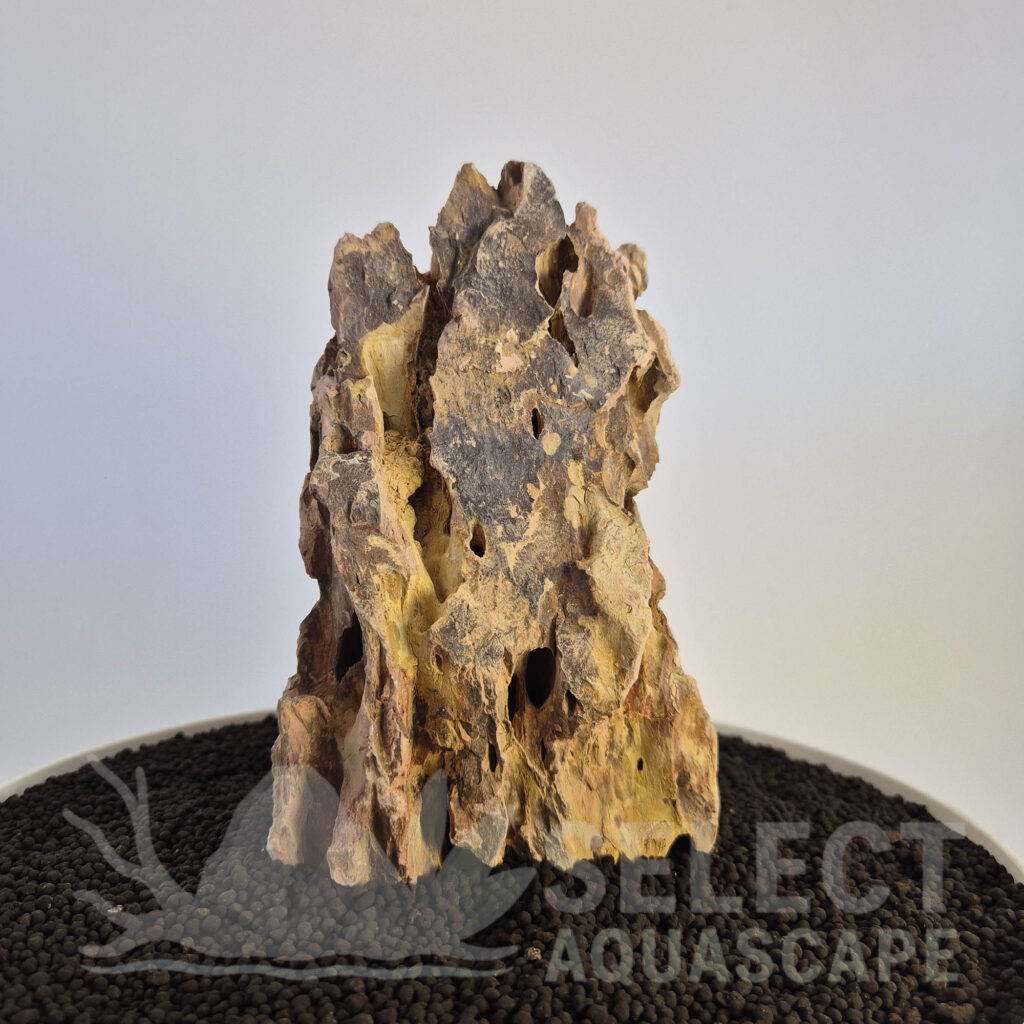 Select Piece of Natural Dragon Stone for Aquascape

---

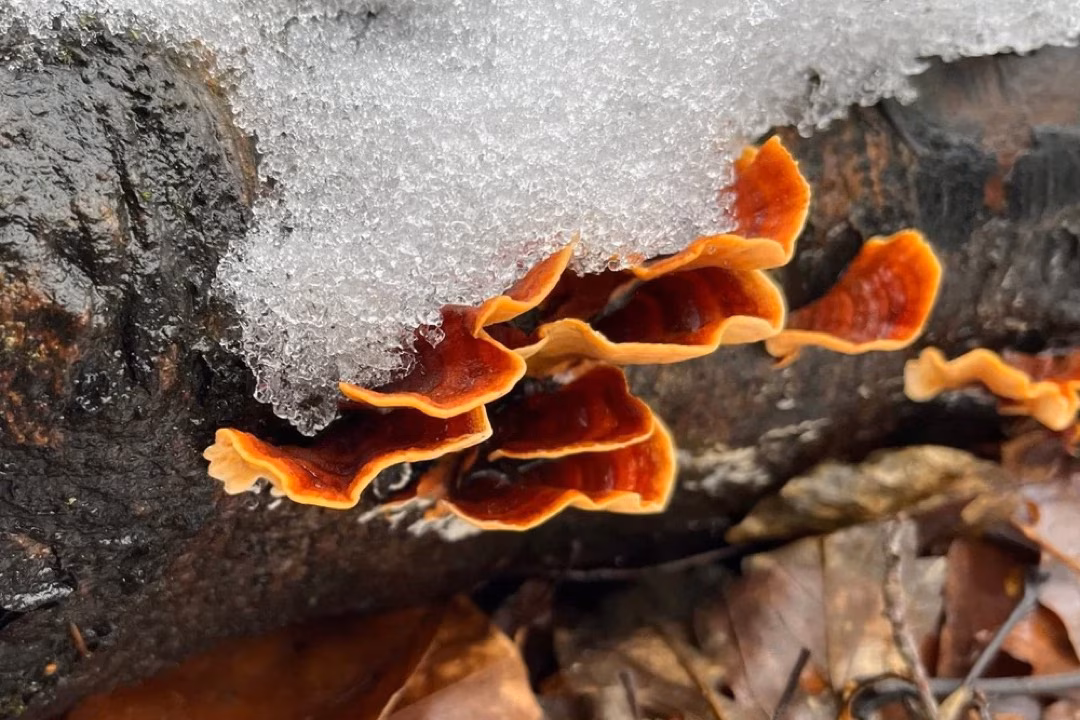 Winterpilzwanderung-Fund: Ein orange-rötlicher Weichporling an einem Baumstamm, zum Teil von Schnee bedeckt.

...

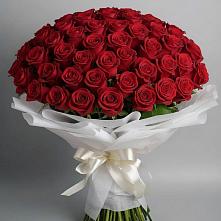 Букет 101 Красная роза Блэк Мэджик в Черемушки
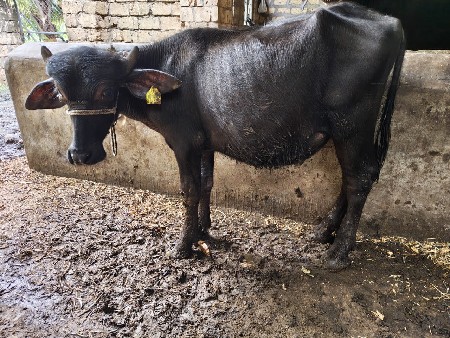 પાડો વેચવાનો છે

[ASSIGNMENT] Write back word for word every line in the entries above from the one with "Букет 101 Красная" to the one with "પાડો વેચવાનો છે", ends included, and none of the pictures.

[SOLUTION TO THE EXERCISE]
 Букет 101 Красная роза Блэк Мэджик в Черемушки
 પાડો વેચવાનો છે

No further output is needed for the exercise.